=== DATA EXTRACT ===

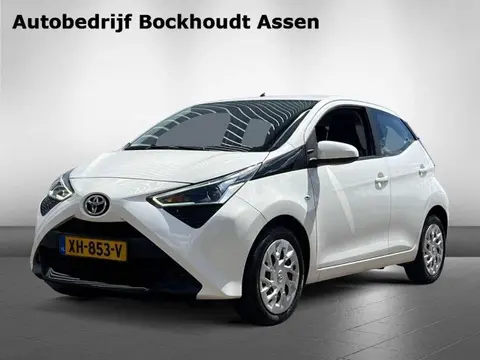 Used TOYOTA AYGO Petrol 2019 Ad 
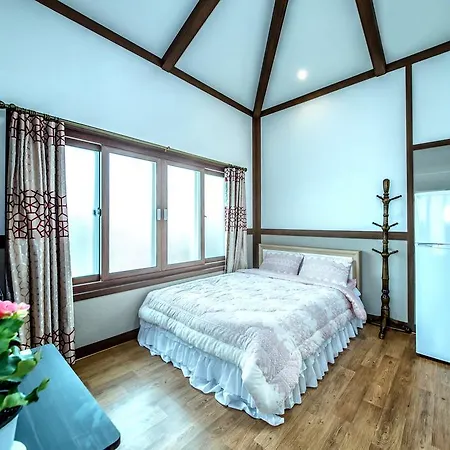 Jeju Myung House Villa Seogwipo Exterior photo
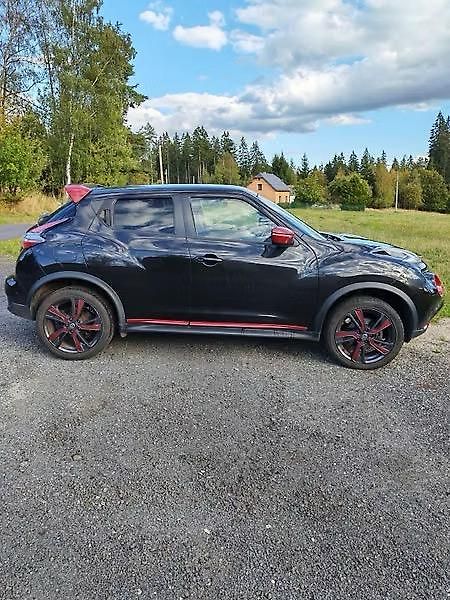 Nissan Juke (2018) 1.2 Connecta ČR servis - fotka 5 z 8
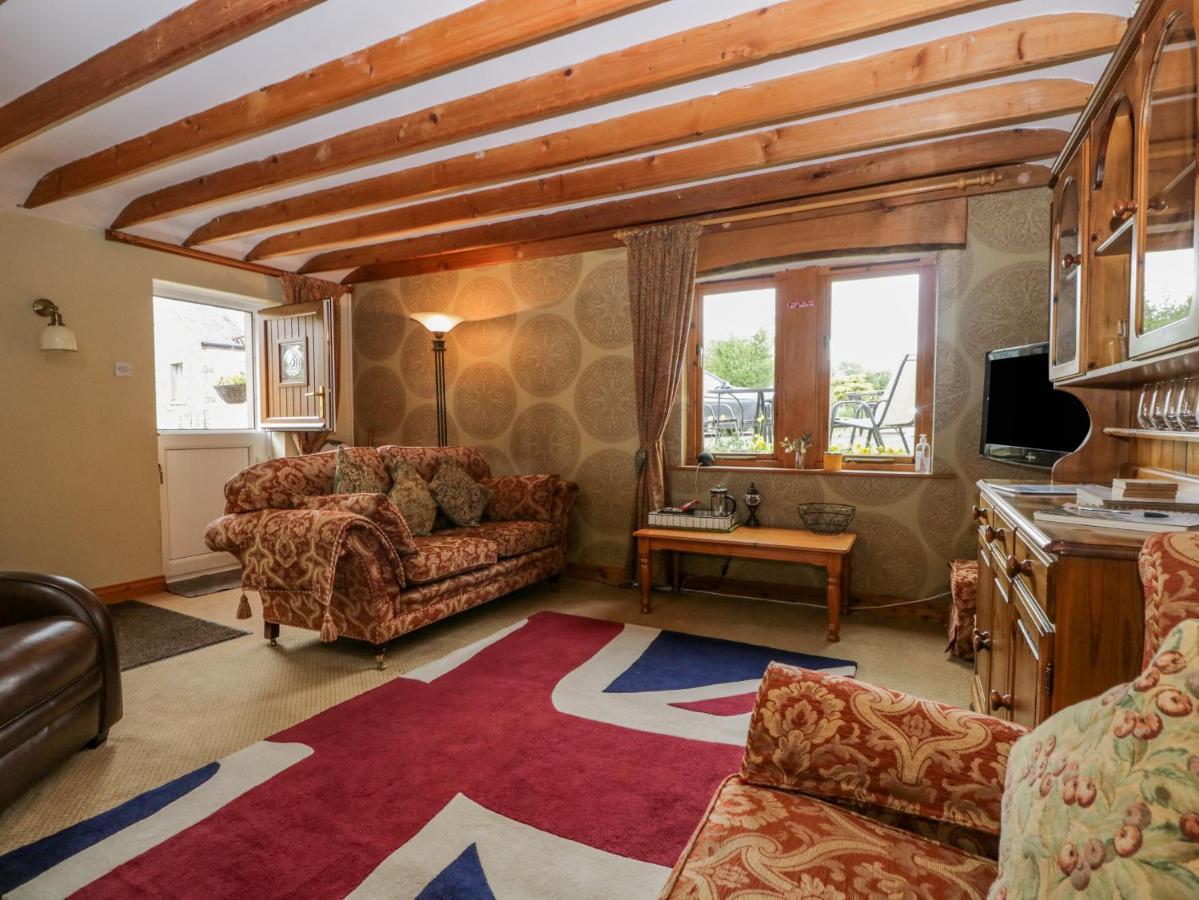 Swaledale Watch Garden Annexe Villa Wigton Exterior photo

===

DIRECTIONS:
Apart from the images, every line above needs to be printed again exactly.

RESPONSE AREA:
 Used TOYOTA AYGO Petrol 2019 Ad 
 Jeju Myung House Villa Seogwipo Exterior photo
 Nissan Juke (2018) 1.2 Connecta ČR servis - fotka 5 z 8
 Swaledale Watch Garden Annexe Villa Wigton Exterior photo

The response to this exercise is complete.